The client’s brief was to make a generous room that addressed the back garden for the family to spend time together in, eating, playing and relaxing. Previously, the house had a narrow scullery-type kitchen with only a small window to the garden. The new extension is the full width of the site. A concrete frame supports the first floor return and creates a screen to the garden. Externally, the concrete frame has been faced in red brick slips that match the front façade and brick lintels.
The existing house is built predominantly of stock London yellow brick with a more elaborate red brick front façade and matching red brick details, such as the lintels over windows. The 20m long garden benefitted from a widening adjacent to the house, where a garage had been built, stepping two metres into the neighbouring property. The house was built in the 1860s on land gifted to the Mercers Company, the twelfth century cloth merchants’ guild. Being in Islington’s Mercers Road/Tavistock Terrace Conservation Area, there were constraints on development and the client’s previous planning application had been rejected. Our approach was to have a strong concept for the remodeling that directly addressed the Conservation Area guidance relating to scale, massing, detailing and materials.
The newly elevated status of the rear façade effectively gives the house two faces, an arrangement that the British architect, Peter Smithson once referred to as a ‘Janus building’. In the early design stages, the project was described to the client’s children as a fox in the garden and the story stuck. The red brickwork is given a textural quality, like a coat, through varying the orientation of the brick, reminiscent of Finnish modernist architect, Alvar Aalto’s Muuratsalo Experimental House.

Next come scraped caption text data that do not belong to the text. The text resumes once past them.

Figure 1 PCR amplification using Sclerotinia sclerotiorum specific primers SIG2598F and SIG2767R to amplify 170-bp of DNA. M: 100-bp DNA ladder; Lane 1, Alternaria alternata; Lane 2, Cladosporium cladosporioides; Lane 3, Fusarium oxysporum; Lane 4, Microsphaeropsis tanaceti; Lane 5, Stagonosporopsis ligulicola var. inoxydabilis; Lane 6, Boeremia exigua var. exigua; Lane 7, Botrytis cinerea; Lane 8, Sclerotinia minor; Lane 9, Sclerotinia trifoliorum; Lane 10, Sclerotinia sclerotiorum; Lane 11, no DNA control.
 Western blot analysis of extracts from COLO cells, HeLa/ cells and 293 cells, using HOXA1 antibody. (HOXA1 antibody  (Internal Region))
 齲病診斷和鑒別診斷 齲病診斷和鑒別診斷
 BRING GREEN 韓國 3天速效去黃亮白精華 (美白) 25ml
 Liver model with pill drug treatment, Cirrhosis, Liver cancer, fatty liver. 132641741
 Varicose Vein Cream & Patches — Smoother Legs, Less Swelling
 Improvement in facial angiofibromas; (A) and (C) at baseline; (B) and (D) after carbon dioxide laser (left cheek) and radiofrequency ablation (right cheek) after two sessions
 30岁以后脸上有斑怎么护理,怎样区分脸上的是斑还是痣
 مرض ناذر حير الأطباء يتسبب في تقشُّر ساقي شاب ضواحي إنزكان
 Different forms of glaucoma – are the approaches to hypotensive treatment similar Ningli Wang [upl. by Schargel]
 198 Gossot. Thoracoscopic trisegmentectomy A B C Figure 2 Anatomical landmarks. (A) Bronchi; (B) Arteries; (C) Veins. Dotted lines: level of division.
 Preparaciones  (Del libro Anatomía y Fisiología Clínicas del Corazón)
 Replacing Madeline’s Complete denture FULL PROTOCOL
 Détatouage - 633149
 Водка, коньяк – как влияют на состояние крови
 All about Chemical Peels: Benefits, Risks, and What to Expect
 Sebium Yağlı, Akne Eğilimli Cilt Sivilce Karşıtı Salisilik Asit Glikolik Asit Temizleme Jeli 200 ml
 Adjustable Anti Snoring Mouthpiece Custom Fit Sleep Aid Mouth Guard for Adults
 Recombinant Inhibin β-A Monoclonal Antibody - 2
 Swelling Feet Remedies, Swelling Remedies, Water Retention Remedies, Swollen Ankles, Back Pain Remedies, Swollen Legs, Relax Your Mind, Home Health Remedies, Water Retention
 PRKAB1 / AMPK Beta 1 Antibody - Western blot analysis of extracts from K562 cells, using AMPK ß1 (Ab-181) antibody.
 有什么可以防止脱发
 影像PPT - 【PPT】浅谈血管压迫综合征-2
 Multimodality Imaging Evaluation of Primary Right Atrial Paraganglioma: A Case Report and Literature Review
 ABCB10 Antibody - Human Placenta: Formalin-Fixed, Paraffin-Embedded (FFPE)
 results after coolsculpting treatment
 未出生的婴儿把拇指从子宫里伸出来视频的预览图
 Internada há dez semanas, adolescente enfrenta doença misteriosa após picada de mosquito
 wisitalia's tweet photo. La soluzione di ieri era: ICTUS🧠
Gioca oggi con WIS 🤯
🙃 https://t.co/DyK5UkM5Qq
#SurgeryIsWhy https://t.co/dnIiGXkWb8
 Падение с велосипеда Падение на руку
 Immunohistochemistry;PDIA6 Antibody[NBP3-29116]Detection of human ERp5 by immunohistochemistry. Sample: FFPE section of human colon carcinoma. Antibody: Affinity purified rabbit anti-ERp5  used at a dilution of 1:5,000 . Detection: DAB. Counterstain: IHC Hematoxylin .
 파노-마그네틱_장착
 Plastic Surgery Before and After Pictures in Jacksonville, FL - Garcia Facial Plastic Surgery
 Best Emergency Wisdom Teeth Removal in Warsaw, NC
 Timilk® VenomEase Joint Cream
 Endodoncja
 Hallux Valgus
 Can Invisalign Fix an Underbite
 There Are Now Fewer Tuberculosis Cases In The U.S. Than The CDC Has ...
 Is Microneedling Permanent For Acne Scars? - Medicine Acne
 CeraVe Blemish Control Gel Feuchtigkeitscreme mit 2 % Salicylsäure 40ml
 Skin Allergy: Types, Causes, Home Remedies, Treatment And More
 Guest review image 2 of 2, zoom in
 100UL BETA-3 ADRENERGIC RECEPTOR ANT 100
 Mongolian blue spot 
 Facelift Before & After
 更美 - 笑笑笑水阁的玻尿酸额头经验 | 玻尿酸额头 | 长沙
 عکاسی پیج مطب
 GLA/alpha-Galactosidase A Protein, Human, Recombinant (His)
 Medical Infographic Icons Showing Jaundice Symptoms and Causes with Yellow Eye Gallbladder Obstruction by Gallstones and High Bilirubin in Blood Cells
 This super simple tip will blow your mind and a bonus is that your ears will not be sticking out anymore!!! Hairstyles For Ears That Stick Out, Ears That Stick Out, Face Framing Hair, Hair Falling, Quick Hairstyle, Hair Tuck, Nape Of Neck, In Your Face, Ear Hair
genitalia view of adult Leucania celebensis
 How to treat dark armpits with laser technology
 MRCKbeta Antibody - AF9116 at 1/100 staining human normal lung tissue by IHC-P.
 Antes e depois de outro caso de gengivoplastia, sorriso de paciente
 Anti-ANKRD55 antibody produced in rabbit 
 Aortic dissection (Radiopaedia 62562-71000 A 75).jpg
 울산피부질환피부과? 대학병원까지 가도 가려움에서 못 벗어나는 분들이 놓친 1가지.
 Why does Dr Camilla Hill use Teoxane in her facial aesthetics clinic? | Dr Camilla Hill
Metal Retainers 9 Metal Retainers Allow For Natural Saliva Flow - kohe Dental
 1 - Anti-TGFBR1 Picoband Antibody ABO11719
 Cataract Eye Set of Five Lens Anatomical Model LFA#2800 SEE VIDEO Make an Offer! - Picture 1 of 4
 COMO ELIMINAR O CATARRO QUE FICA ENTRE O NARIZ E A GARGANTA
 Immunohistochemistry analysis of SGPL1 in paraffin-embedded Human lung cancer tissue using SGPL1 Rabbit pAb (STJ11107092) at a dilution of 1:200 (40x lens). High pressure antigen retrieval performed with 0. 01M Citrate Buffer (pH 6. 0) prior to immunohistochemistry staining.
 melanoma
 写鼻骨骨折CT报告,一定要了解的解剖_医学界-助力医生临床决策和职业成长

The extension is divided into three spaces, a kitchen with island unit, a dining room and a small winter garden. The dining area is a tall barrel-vaulted space with a new high-level arched internal window to the original house and a circular window to the garden. This arrangement ensures that when sitting in the living room one’s view is directed both to the dining room and through to the garden beyond. In order to maintain the appearance of a structure standing in a garden, the screen of sliding metal-framed glazed doors are set inboard of the concrete columns, the back of which are therefore seen through the glazing. The garden faces north, so efforts were made to improve daylight to the rear of the building and provide optimal opportunities for outdoor living. Therefore, three small trees were felled, significantly increasing light onto the rear façade. A paved terrace was laid that swells into the garden at exactly the spot where the sun lingers longest in the summer months.
The interior is both materially rich and colourful. Materials were chosen for their textural qualities and contribution to the comfort of the space. Profiled timber facing to the kitchen island performs an acoustic function; end grain parquet mats inserted in the concrete floor give clear definition to the kitchen and dining spaces and warmth under foot; gloss black tiles reflect light and give the kitchen a greater depth. The colours – tertiary blue, green and yellow – are reminiscent of Adolf Loos interiors of modernist Viennese houses of 1920’s. The intention was that the walls would be densely hung with art works, which the client has begun to do, such that the feeling of the space was one of conviviality and in a cultured life close to nature.
In terms of DKA’s work, the project develops themes first realized in Carrer Avinyó, a refurbished apartment in Barcelona, and Stable Acre, a holiday home in Norfolk. The practice is interested in a highly contextual architecture, freed from rigid formal and
material constraints, that is both conceptually rigorous and playful.